How Networks Really Work, Data Center Infrastructure for Networking Engineers and Leaf-and-Spine Fabric Architectures webinars discuss large-scale bridging and routing on layer-2, including SPB, TRILL, VXLAn and EVPN.
Perfect example for this:
Any Cisco router with EtherSwitch-based (HWIC-...ESW, EHWIC-...ESG and associated ISR routers) switchports. All ports on a module are one single broadcast domain & are up/up at power on not matter what was configured - until IOS is running has parsed the configuration.
I thought that load balancing at Layer 2 as implemented in TRILL has nothing to do with Layer 3 load balancing. Having Layer 2 load balancing is about having greater capacity i.e. using redundant links for traffic.
Layer 3 load balancing about using several L3 gateways - we do not care how layer 2 traffic is distributed at the physical layer (balanced or not). It's different topic how the routing protocols cope with multiply same L3-cost paths
If you could comment on your original statements to clarify what you are had in mind.
Also, you have to start thinking in layers and not agglutinate multiple problems into a bigger mess (see also RFC 1925 section 2.5).
I try to tell them that spanning tree is like smoke detectors - yes, they can be annoying and sometimes need maintenance, but don't just turn them off.
I have seen big meltdowns when someone turned off STP. Once it was not even in the Ethernet switches (since they were oversized and could cope with the increased traffic), but in the connected firewalls.
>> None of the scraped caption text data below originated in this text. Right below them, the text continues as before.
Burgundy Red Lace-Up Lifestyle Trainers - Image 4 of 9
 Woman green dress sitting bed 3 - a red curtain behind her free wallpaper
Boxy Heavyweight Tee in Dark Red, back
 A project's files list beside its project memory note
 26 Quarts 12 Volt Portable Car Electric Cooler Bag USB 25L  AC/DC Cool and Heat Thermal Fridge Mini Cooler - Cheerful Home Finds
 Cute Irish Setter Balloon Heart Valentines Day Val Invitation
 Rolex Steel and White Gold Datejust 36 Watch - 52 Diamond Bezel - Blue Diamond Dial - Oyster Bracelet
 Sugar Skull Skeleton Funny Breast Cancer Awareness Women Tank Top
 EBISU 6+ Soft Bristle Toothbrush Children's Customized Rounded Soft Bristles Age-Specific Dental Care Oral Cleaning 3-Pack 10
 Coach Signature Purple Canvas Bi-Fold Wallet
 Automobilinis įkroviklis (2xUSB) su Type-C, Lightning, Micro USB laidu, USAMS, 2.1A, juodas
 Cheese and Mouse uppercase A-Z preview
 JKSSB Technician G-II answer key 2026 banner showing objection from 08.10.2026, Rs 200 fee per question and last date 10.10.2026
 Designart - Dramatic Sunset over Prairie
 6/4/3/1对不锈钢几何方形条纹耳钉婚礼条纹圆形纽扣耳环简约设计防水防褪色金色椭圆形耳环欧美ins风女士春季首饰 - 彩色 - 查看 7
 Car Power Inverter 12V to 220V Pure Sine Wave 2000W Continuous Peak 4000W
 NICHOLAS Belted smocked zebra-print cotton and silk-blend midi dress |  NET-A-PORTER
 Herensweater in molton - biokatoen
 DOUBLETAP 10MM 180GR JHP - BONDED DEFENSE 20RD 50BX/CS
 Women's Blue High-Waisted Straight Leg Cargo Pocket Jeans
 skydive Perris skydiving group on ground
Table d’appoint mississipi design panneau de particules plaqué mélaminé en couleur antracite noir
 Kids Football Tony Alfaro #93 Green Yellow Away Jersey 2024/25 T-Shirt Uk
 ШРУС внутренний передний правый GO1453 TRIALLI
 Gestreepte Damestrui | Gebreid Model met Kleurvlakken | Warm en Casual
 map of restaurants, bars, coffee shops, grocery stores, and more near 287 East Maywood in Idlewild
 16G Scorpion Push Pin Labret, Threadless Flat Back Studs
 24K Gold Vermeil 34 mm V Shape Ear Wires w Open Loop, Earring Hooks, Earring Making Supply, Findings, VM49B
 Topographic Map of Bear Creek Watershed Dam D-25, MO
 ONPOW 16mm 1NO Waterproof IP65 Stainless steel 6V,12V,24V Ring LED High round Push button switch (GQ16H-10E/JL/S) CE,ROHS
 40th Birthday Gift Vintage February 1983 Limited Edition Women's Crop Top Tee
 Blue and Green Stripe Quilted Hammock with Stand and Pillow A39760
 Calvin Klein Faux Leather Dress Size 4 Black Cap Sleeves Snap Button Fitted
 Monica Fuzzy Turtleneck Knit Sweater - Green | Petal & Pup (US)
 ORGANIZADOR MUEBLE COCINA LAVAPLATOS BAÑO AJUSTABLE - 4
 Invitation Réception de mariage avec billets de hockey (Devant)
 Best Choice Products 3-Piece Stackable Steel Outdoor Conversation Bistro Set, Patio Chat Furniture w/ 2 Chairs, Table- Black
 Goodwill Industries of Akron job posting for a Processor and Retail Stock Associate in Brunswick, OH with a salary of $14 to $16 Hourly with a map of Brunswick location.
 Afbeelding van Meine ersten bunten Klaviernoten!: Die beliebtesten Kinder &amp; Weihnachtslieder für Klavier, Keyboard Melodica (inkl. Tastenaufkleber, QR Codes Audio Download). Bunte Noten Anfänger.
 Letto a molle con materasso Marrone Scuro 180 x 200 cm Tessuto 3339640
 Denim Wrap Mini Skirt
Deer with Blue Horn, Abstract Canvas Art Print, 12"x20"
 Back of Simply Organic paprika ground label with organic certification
Whoever it has stopped the air travel for a half a day in a whole country. So be careful!
The good practice is to keep the STP domain as small as possible. And remember: STP was designed originally for maximum 7 hops and few switches and some dozens of host devices in mind. It is definitely not designed for connecting big data centers into a single bridge domain.
Do not use something for a use case it was not design for and not fully tested and analyzed...
And do not forget, if you create large bridge domains you also created large error domains. Cut-through switching is a tool for distributing and amplifying errors...
TRILL RBridges block spanning tree and provide a new level above bridging but below Layer 3 routing.
SPB bridges run at the bridging level. They continue to maintain a spanning tree (or multiple spanning trees) hooking together any attached bridging to produce one huge spanning tree. Frames are forwarded by spanning tree or by shortest path depending on VLAN.
And regarding load-balancing over parallel paths - TRILL uses standard L3 per-hop routing decisions including usual ECMP support, while 802.1aq computes multiple trees by XORing SYSIDs with different bitmasks which produces suboptimal results and doesn't consider per-hop specifics.
As I said, your understanding of the data planes is correct, but I disagree with the control plane summary. In most cases the fabric switches would run STP with the access layer for numerous reasons, and you could either integrate the fabric with STP or make the fabric switches root bridges in the access layer.
Also, while the ECMP argument is valid, I don't think there's any significant difference between the two mechanisms in leaf-and-spine fabrics.
Obviously, if you have real-life experience please share it.
Finally, I did cover both in the last session of the leaf-and-spine fabric designs webinar 2 days ago, so I'm a bit fluent on the differences ;)
Yes, in leaf&spine fabrics, SPB's weird load-balancing approach gives similar results - as long as all links are up. But try to disconnect one of the links... And the real fun starts with more complex / arbitrary topologies ;-)
"unidirectional links" cause STP problems? Well they do if you don't configure UDLD on your STP links. So that is a configuration problem. It isn't STP's fault.
STP has no concept of adjacencies, and treats lack of incoming BPDUs as a permission to use the link for forwarding, so I would say we're talking about a suboptimal protocol design.
UDLD is just a vendor-specific kludge solving a problem that shouldn't have existed in the first place.
Obviously you could claim that "if you haven't configured UDLD, it's your fault that STP brought down your network", but the root cause for the need to have two protocols configured when one should do is still STP.